To przede wszystkim duża satysfakcja. Patrząc historycznie, to była moja trzecia próba i pierwszy raz udało mi się zdobyć zaufanie delegatów. Rzeczywiście więc jest to duża satysfakcja, ale przede wszystkim duże zobowiązanie do tego, żeby działać i zmieniać. Myślę, że ten kredyt zaufania, który delegaci dali całemu zarządowi, to jest trochę zmiana pokoleniowa. Cały zarząd na pewno będzie robił wszystko, żeby pokazać, że ta zmiana była dobra i konieczna - przyznała Pyrek.
30-procentowy parytet w zarządach polskich związków sportowych, który wprowadza nowelizacja ustawy o sporcie, to zdaniem Moniki Pyrek dobra decyzja. Sam procent - według niej - także jest odpowiedni, "optymalny na teraz".
Oczywiście optymalna byłaby sytuacja, gdyby nie trzeba było wprowadzać parytetów, ale przez lata nie było możliwości wprowadzania kobiet, pomimo kwalifikacji, które posiadamy. Więc ja uważam, że to jest dobry sposób na to, żeby pokazać dobrą jakość zarządzania również przez kobiety. Ja też chciałam podkreślić: my nie chcemy nikomu niczego zabierać. My chcemy tylko pokazać, że dzięki naszym kompetencjom oraz w połączeniu kompetencji płci męskiej i żeńskiej może się po prostu wydarzyć coś dobrego. Bo jakość zarządzania się podniesie - właśnie przez to, że mamy różne kompetencje. Badania pokazują, że tam, gdzie jest połączenie zarządzania obu płci, jakość winduje do góry - podkreśla emerytowana lekkoatletka.
W rozmowie z RMF FM była sportsmenka przyznaje, że jako członkini zarządu PZLA chce się zająć przede wszystkim rolą kobiet w związku i dyscyplinie.

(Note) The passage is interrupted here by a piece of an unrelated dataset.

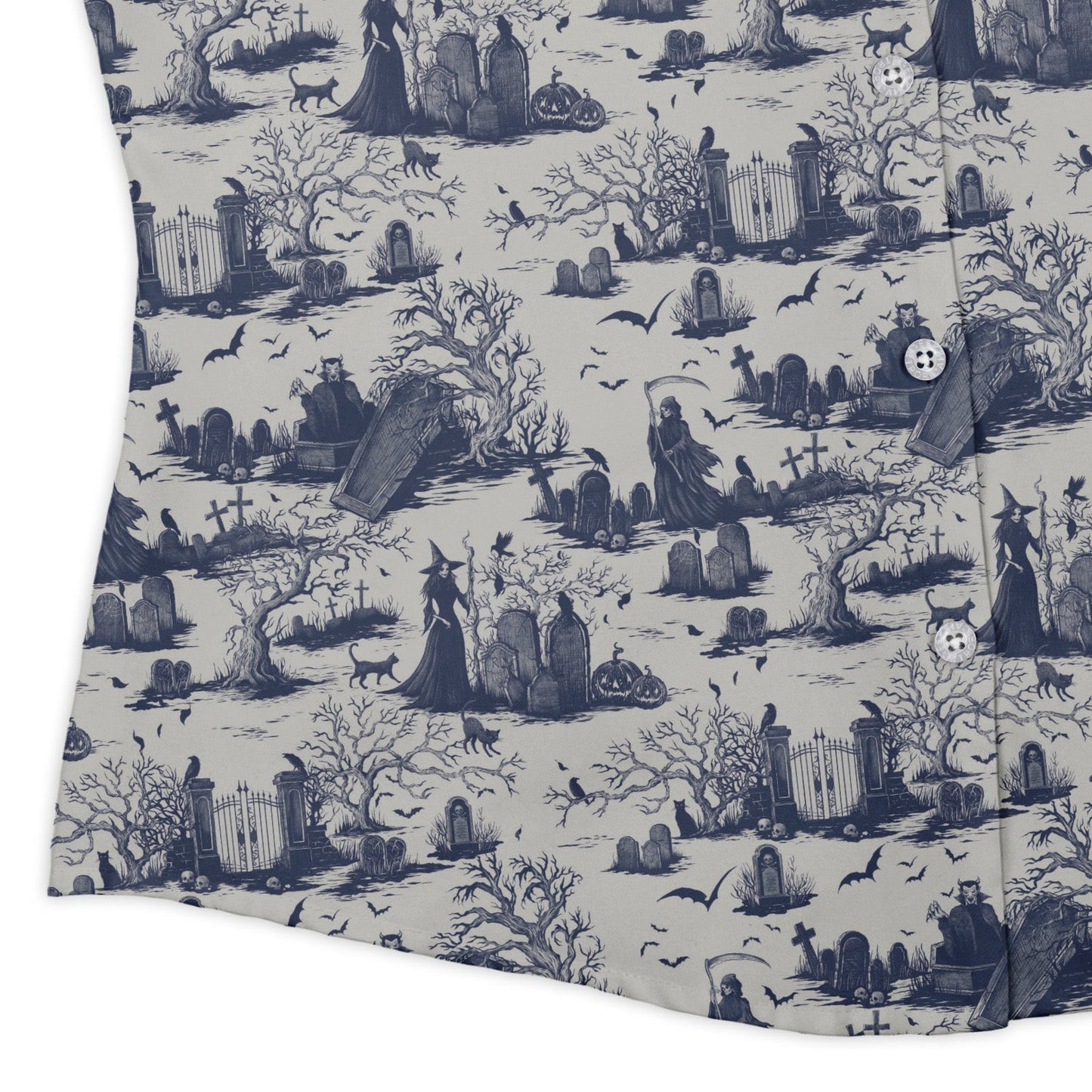 Haunted Graveyard Light Curvy Button Up Shirt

Zamierza też postawić na poprawę komunikacji wewnątrz PZLA między zawodnikami, trenerami i działaczami.
Chciałbym, żeby ten związek był naszym domem. Żebyśmy przychodzili do niego z przyjemnością. Wszyscy kochamy lekką atletykę, ale tej komunikacji w ostatnim czasie brakowało - podkreśla multimedalistka mistrzostw świata i Europy.
Podobnie jak nowy prezes Sebastian Chmara, tak i Monika Pyrek mówi o ogromie pracy do wykonania w związku, mając na uwadze słaby wynik polskiej kadry na igrzyskach olimpijskich w Paryżu. Jedyny "lekkoatletyczny" medal to brąz Natalii Bukowieckiej w biegu na 400 m.
Na pewno oczekiwania były wyższe, ale diagnoza musi zostać postawiona. To nie jest tylko zmiana pokoleniowa, ale myślę, że doszło do jakichś zaniechań. Trzeba to po prostu przeanalizować i wyciągnąć wnioski. Ale jest nadzieja! Prezes Chmara mówił, że w wieku "młodzika", czyli U-16 jest progres i dlatego jest nadzieja. Nadzieja na to, że wrócimy do pięknych czasów lekkiej atletyki - kończy optymistycznie rozmowę z RMF FM sportsmenka.
Nowelizacja ustawy o sporcie została przyjęta przez Sejm 21 listopada głosem 247 posłów. Jak zapowiada minister sportu i turystyki Sławomir Nitras przepisy mają m.in. wzmocnić pozycję kobiet w związkach sportowych m.in. poprzez wprowadzenie parytetu płci - przynajmniej 30 proc. każdego zarządu w polskich związkach sportowych mają stanowić kobiety. Istotne jest także wsparcie dla sportsmenek, które zajdą w ciążę. Dokument wydłuża z 6 do 12 miesięcy czas pobierania stypendium sportowego przez członkinie kadry narodowej po urodzeniu dziecka. Zwiększa także (z 50 proc. do 81,5 proc.) kwotę pobieranej w tym okresie wysokości stypendium.
Nowelizacją ustawy o sporcie zajmie się teraz Senat. Jeśli zostanie przegłosowana i podpisana przez prezydenta Andrzeja Dudę, wejdzie w życie 1 stycznia 2025 roku.